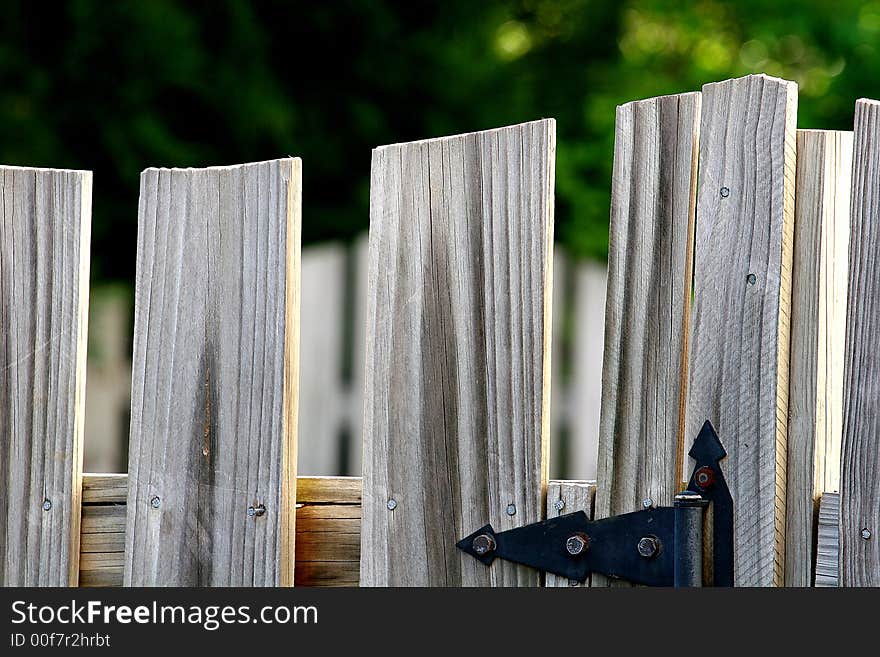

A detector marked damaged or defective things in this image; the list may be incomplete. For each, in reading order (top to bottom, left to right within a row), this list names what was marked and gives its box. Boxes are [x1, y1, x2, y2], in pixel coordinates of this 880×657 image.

rusty nail head [696, 466, 716, 486]
rusty nail head [474, 532, 496, 552]
rusty nail head [568, 532, 588, 552]
rusty nail head [636, 536, 656, 556]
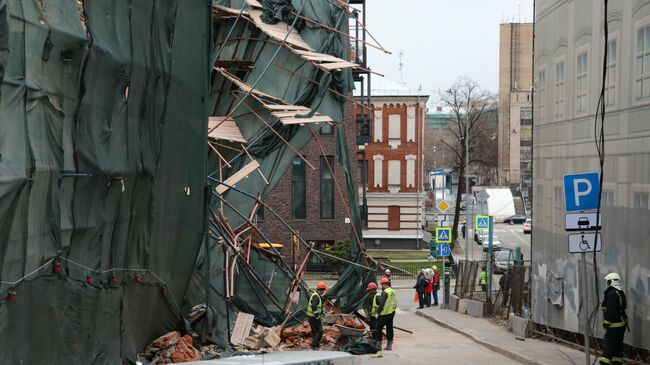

#### What needs to be done
Give back the listing exactly, with the pictures removed.

#### Task result
A detector marked damaged or defective things in this image; the list may be incomplete. For each, in reading order (top to bottom, left to right within a row), this list names what was marked and gives its box. Boxes are [x1, y1, x2, y2], in pixel coordinates of this 880×657 image.

rusty nail head [696, 466, 716, 486]
rusty nail head [474, 532, 496, 552]
rusty nail head [568, 532, 588, 552]
rusty nail head [636, 536, 656, 556]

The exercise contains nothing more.